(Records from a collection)
========

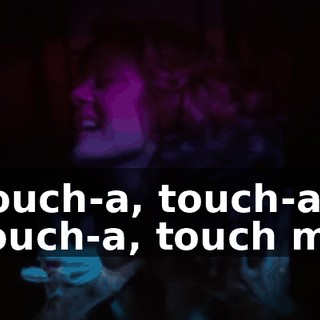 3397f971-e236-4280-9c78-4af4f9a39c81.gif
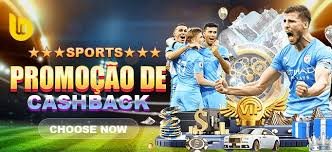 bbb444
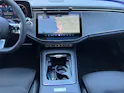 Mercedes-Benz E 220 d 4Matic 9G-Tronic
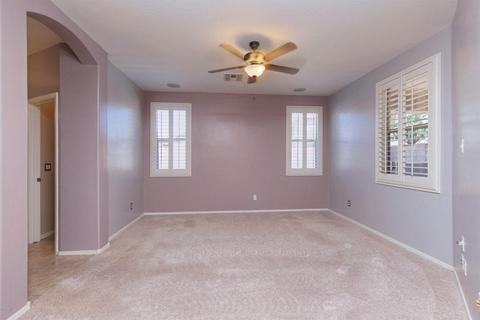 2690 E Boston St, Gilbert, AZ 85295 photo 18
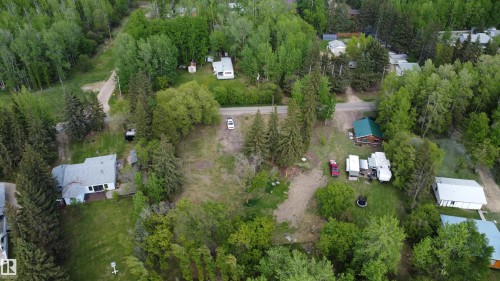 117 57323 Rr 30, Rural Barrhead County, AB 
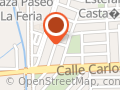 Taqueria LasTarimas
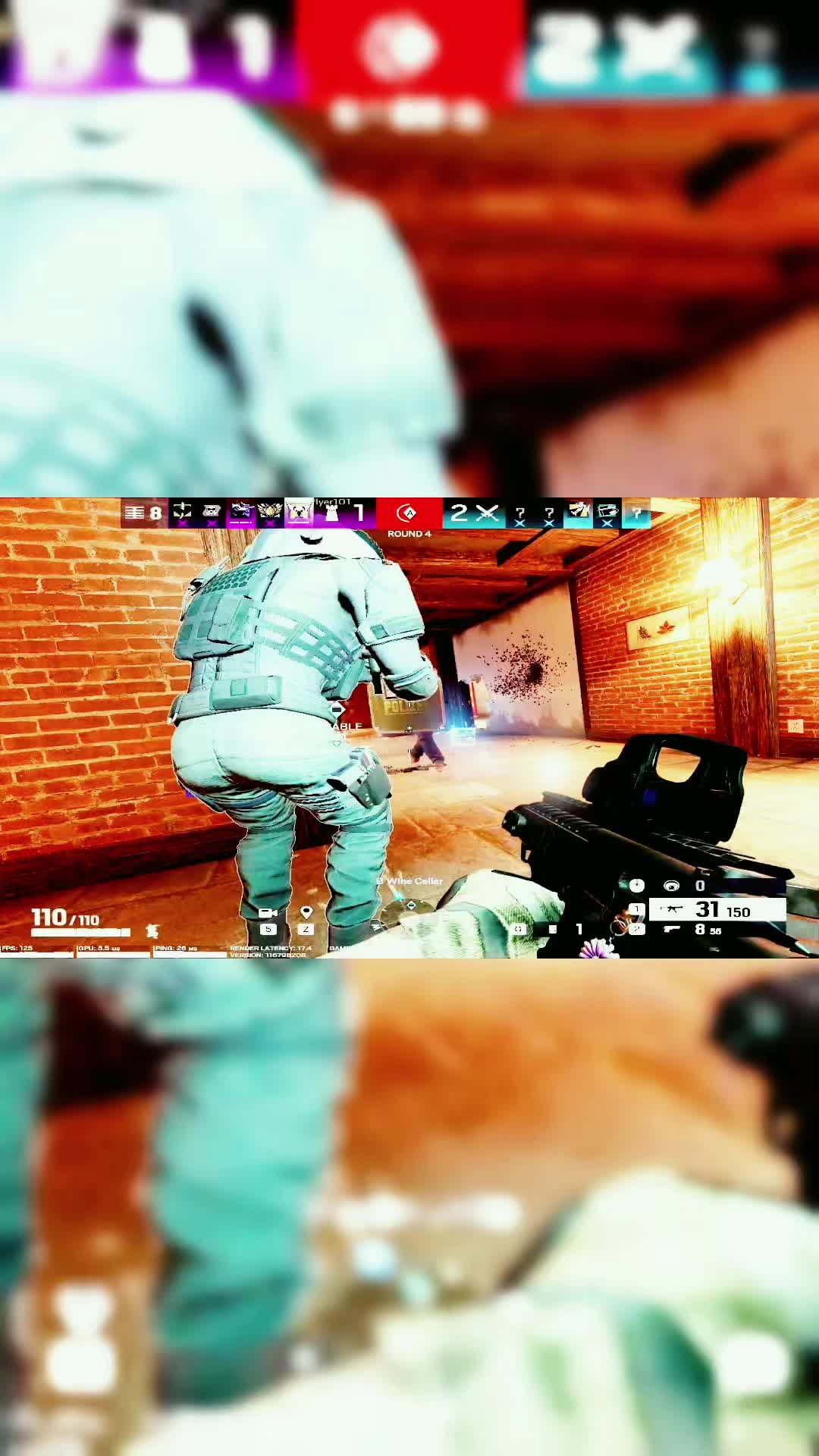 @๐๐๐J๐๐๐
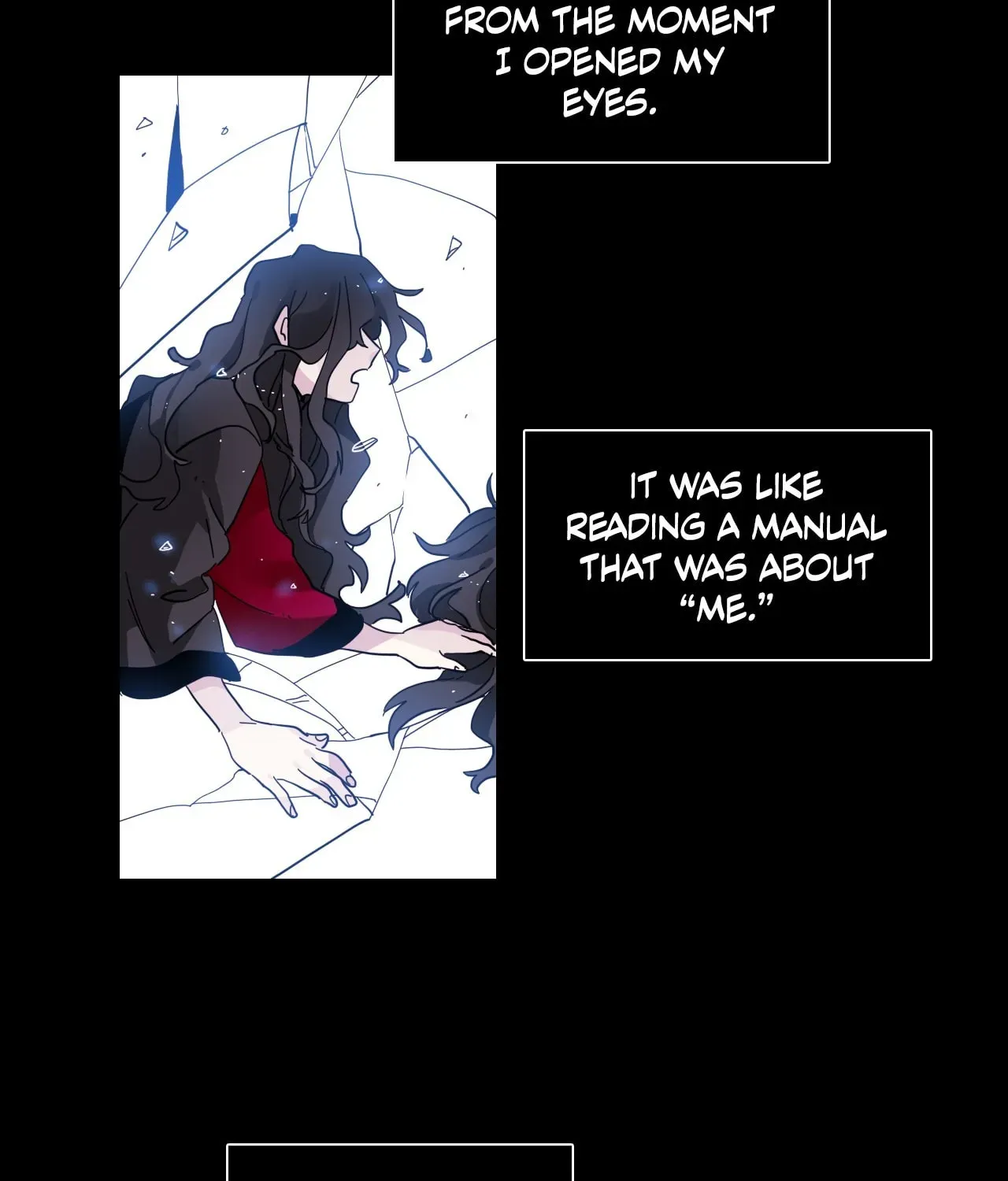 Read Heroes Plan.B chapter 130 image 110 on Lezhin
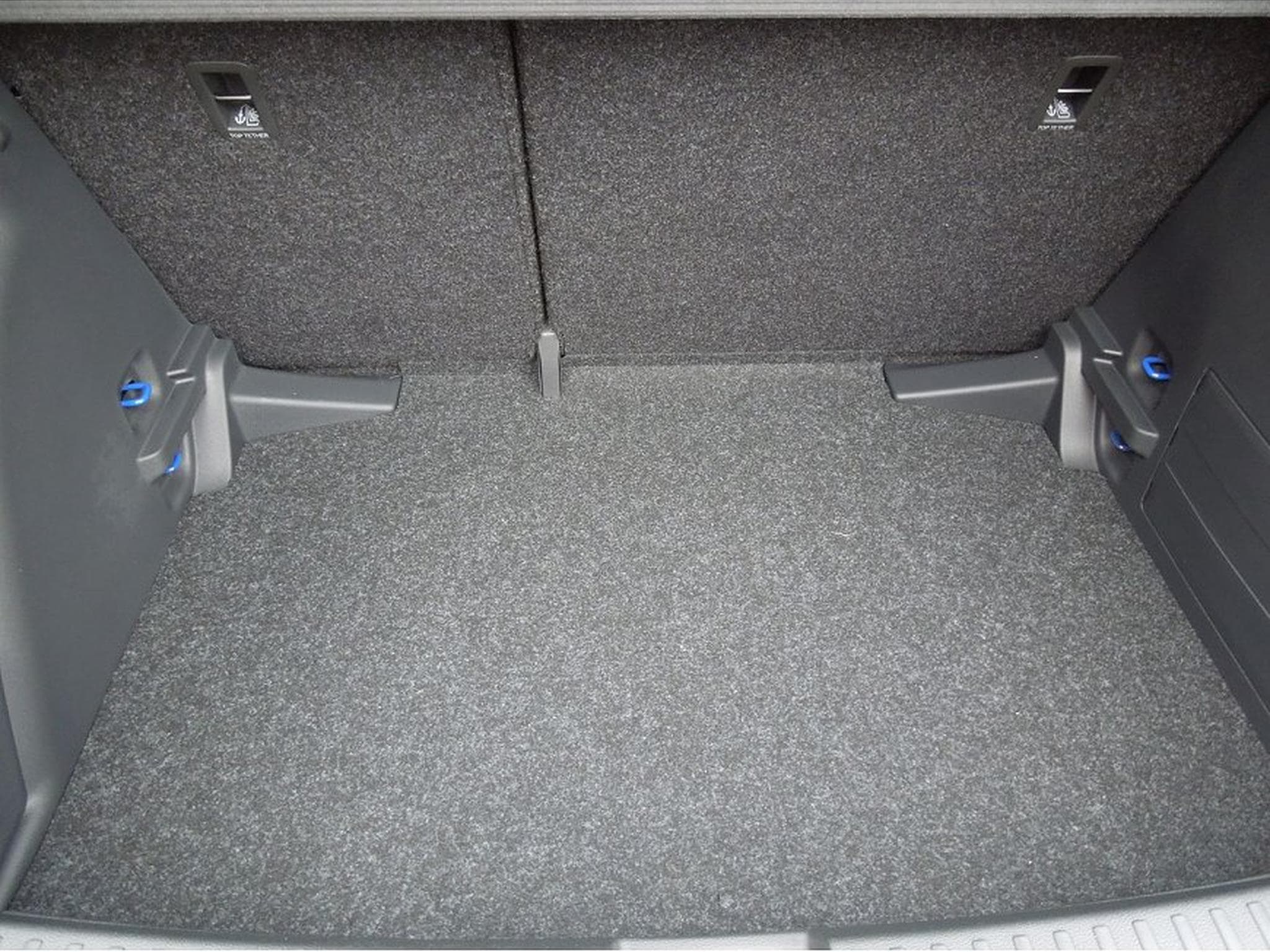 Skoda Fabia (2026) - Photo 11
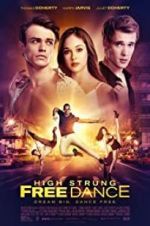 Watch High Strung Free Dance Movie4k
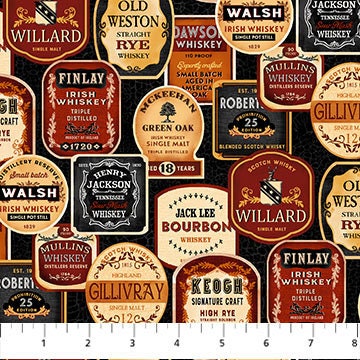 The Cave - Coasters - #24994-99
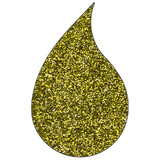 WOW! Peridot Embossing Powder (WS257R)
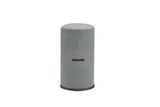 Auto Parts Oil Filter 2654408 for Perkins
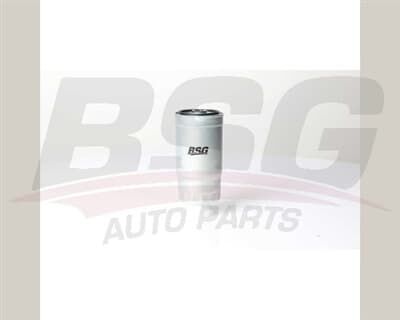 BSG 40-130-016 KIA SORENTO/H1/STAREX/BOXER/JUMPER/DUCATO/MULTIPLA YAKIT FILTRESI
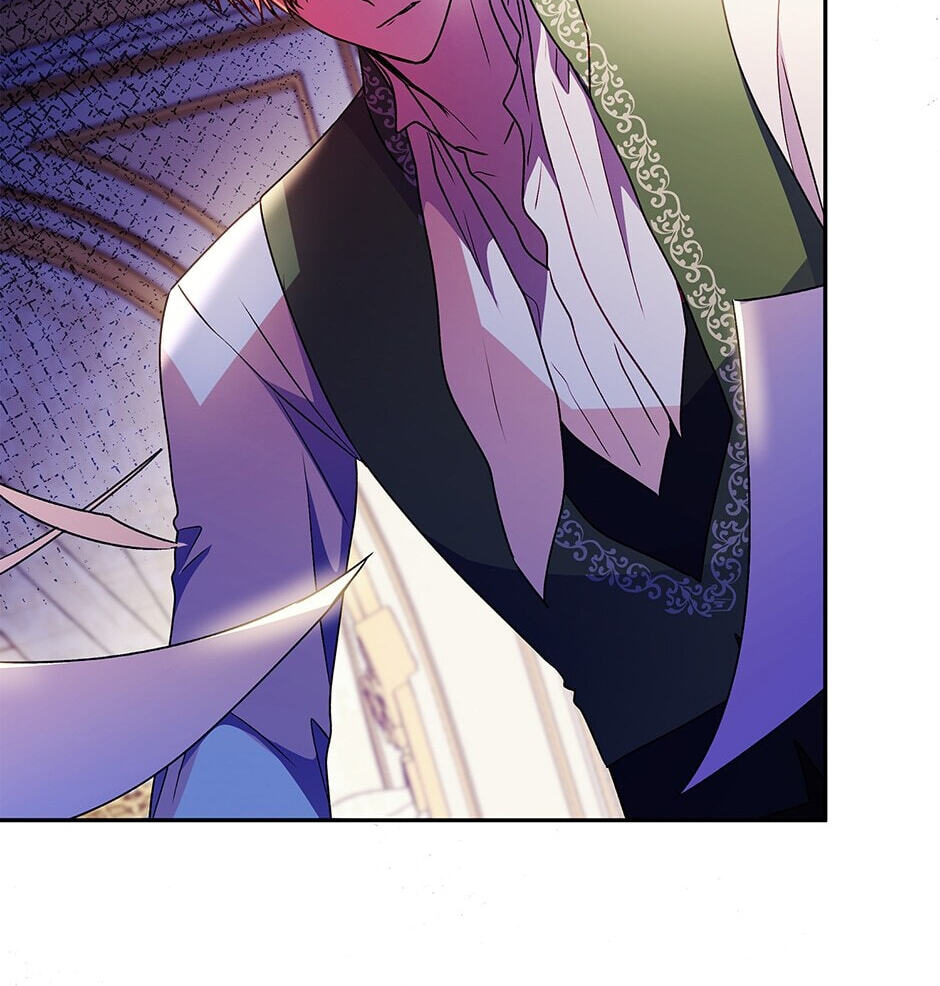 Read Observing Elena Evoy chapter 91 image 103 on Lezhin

========

▸ **Task prompt**
Verbatim copy, images excluded: transcribe all the entries above.

▸ **Output for this task**
 3397f971-e236-4280-9c78-4af4f9a39c81.gif
 bbb444
 Mercedes-Benz E 220 d 4Matic 9G-Tronic
 2690 E Boston St, Gilbert, AZ 85295 photo 18
 117 57323 Rr 30, Rural Barrhead County, AB 
 Taqueria LasTarimas
 @๐๐๐J๐๐๐
 Read Heroes Plan.B chapter 130 image 110 on Lezhin
 Skoda Fabia (2026) - Photo 11
 Watch High Strung Free Dance Movie4k
 The Cave - Coasters - #24994-99
 WOW! Peridot Embossing Powder (WS257R)
 Auto Parts Oil Filter 2654408 for Perkins
 BSG 40-130-016 KIA SORENTO/H1/STAREX/BOXER/JUMPER/DUCATO/MULTIPLA YAKIT FILTRESI
 Read Observing Elena Evoy chapter 91 image 103 on Lezhin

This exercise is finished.